The most common symptom is a gradually worsening, severe headache that mimics idiopathic intracranial hypertension. Patients frequently develop papilledema, visual field deficits, and diplopia due to a false-localizing CN VI (abducens) palsy. Focal neurologic deficits and focal or generalized seizures are highly characteristic of cortical vein involvement. Progression can rapidly lead to altered mental status, coma, and transtentorial herniation if intracranial pressure remains uncontrolled.

Diagnosis

Non-contrast head CT is often the initial test and may show the hyperdense cord sign representing clotted blood in a sinus, but it is frequently normal. The gold standard for diagnosis is MR Venography (MRV) or CT Venography (CTV). Contrast-enhanced imaging classically demonstrates the empty delta sign, a central filling defect surrounded by enhancing dura within the superior sagittal sinus.

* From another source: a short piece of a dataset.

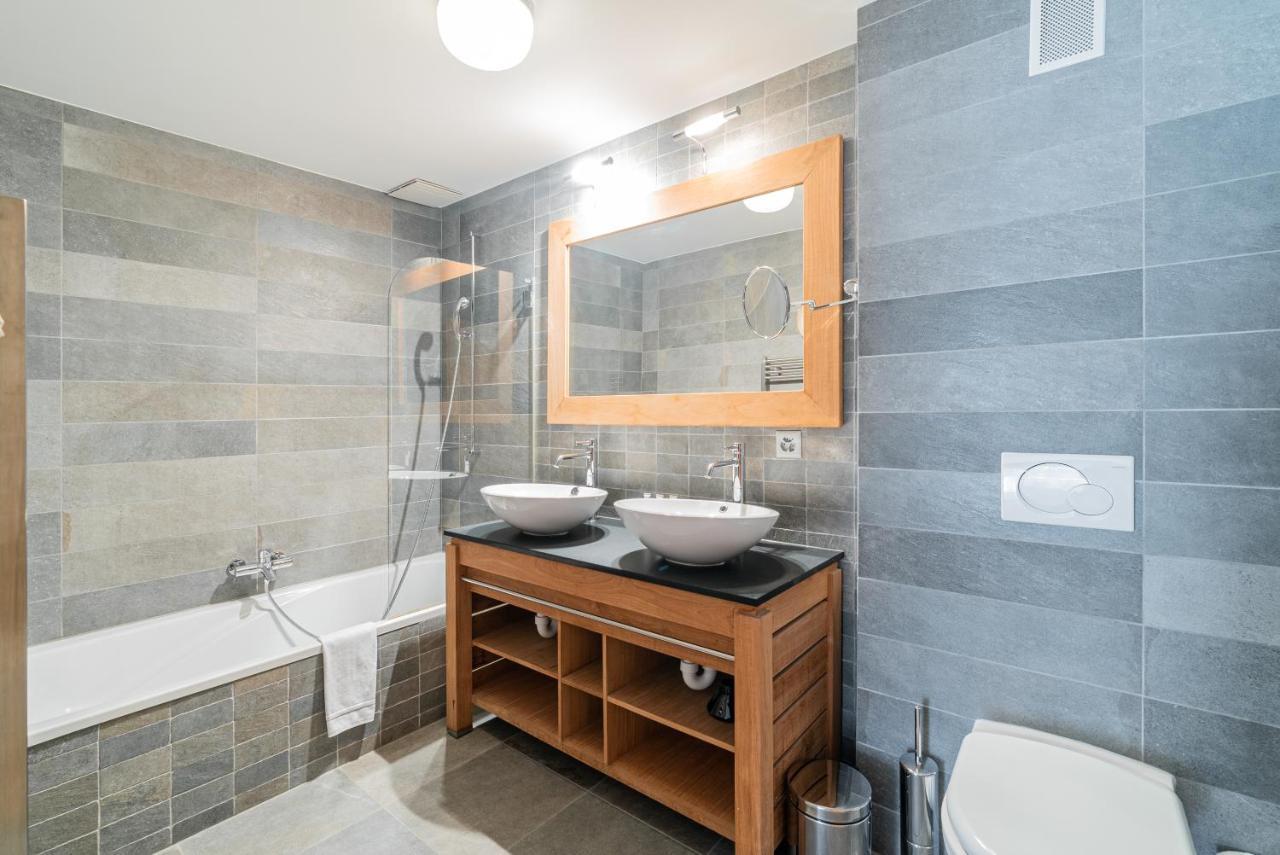 Haus Whymper By Premium *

A normal D-dimer can help rule out the condition in low-risk patients but cannot safely exclude it in high-risk scenarios.

Treatment

The first-line therapy is rapid anticoagulation with Low Molecular Weight Heparin (LMWH) or unfractionated heparin, followed by a transition to oral anticoagulants for 3 to 12 months. Anticoagulation is mandatory even if a hemorrhagic venous infarct is present on imaging, as treating the underlying venous congestion prevents further bleeding. If patients rapidly deteriorate despite adequate anticoagulation, endovascular mechanical thrombectomy is indicated. Seizures should be managed with targeted antiepileptics, but prophylactic use is not routinely recommended unless a cortical hemorrhagic lesion is present.

Prognosis

Complete recovery occurs in the majority of patients treated promptly, though chronic headaches or visual field deficits may persist. Severe cases complicated by status epilepticus, deep venous system involvement, or massive hemorrhage carry a significantly higher mortality rate. Patients require long-term monitoring for recurrent venous thromboembolism (VTE) and targeted screening for underlying inherited thrombophilias.

Differential Diagnosis

Idiopathic Intracranial Hypertension: Presents with progressive headache and papilledema in young obese women, but MRV/CTV imaging is completely normal.

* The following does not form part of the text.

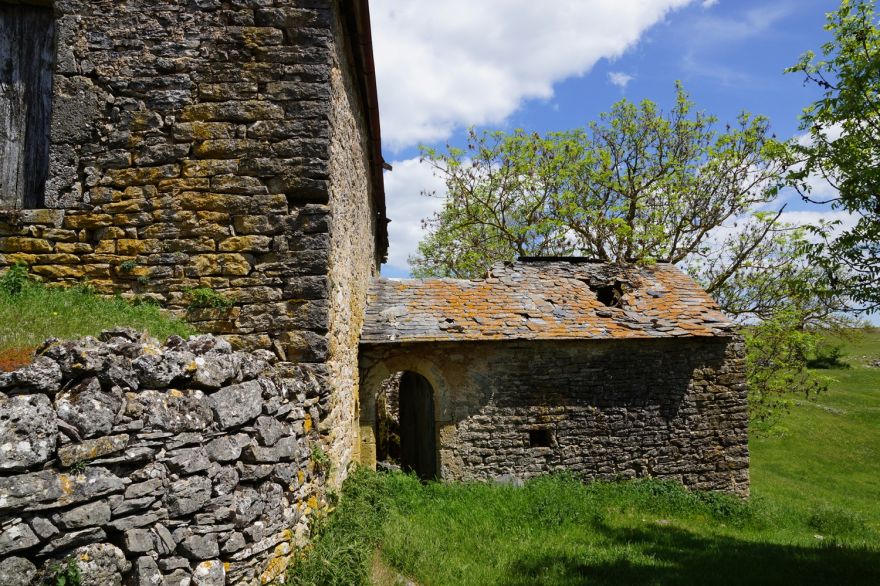 Bâtiments en ruine à Saubert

Arterial Ischemic Stroke: Causes sudden-onset focal deficits that strictly respect a single arterial vascular territory, unlike venous infarcts.

Subarachnoid Hemorrhage: Manifests as a sudden thunderclap headache rather than progressive pain, with hyperdense blood visible in the basal cisterns on CT.

Meningitis: Features headache and altered mental status but prominently includes fever, nuchal rigidity, and inflammatory CSF changes.